» **Activity**: The entries below are to be reproduced in full, exactly as written.

[Opening Exercise inputs section]

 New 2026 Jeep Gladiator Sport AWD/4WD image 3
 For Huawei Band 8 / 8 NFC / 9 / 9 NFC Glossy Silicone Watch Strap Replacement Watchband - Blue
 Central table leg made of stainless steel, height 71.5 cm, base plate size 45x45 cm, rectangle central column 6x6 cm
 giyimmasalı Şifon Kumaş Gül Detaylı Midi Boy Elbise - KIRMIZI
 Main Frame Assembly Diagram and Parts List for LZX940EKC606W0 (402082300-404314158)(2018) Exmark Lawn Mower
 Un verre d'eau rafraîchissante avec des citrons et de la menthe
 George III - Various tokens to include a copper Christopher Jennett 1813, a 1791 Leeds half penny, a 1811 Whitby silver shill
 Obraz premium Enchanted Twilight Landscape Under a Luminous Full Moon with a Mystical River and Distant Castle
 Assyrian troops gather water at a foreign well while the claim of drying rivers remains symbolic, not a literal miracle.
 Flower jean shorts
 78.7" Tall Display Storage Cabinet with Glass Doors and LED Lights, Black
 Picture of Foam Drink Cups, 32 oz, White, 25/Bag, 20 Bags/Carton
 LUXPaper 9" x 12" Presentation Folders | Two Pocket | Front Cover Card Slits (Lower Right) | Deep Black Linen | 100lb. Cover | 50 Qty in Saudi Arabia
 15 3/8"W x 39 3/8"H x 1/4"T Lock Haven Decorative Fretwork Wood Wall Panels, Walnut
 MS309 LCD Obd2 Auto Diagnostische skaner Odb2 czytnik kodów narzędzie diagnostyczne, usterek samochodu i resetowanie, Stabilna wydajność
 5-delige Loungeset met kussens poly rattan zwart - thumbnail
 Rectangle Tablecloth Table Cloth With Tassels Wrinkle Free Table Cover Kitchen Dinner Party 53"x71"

[Closing Exercise inputs section]

» **Task answer**:
 New 2026 Jeep Gladiator Sport AWD/4WD image 3
 For Huawei Band 8 / 8 NFC / 9 / 9 NFC Glossy Silicone Watch Strap Replacement Watchband - Blue
 Central table leg made of stainless steel, height 71.5 cm, base plate size 45x45 cm, rectangle central column 6x6 cm
 giyimmasalı Şifon Kumaş Gül Detaylı Midi Boy Elbise - KIRMIZI
 Main Frame Assembly Diagram and Parts List for LZX940EKC606W0 (402082300-404314158)(2018) Exmark Lawn Mower
 Un verre d'eau rafraîchissante avec des citrons et de la menthe
 George III - Various tokens to include a copper Christopher Jennett 1813, a 1791 Leeds half penny, a 1811 Whitby silver shill
 Obraz premium Enchanted Twilight Landscape Under a Luminous Full Moon with a Mystical River and Distant Castle
 Assyrian troops gather water at a foreign well while the claim of drying rivers remains symbolic, not a literal miracle.
 Flower jean shorts
 78.7" Tall Display Storage Cabinet with Glass Doors and LED Lights, Black
 Picture of Foam Drink Cups, 32 oz, White, 25/Bag, 20 Bags/Carton
 LUXPaper 9" x 12" Presentation Folders | Two Pocket | Front Cover Card Slits (Lower Right) | Deep Black Linen | 100lb. Cover | 50 Qty in Saudi Arabia
 15 3/8"W x 39 3/8"H x 1/4"T Lock Haven Decorative Fretwork Wood Wall Panels, Walnut
 MS309 LCD Obd2 Auto Diagnostische skaner Odb2 czytnik kodów narzędzie diagnostyczne, usterek samochodu i resetowanie, Stabilna wydajność
 5-delige Loungeset met kussens poly rattan zwart - thumbnail
 Rectangle Tablecloth Table Cloth With Tassels Wrinkle Free Table Cover Kitchen Dinner Party 53"x71"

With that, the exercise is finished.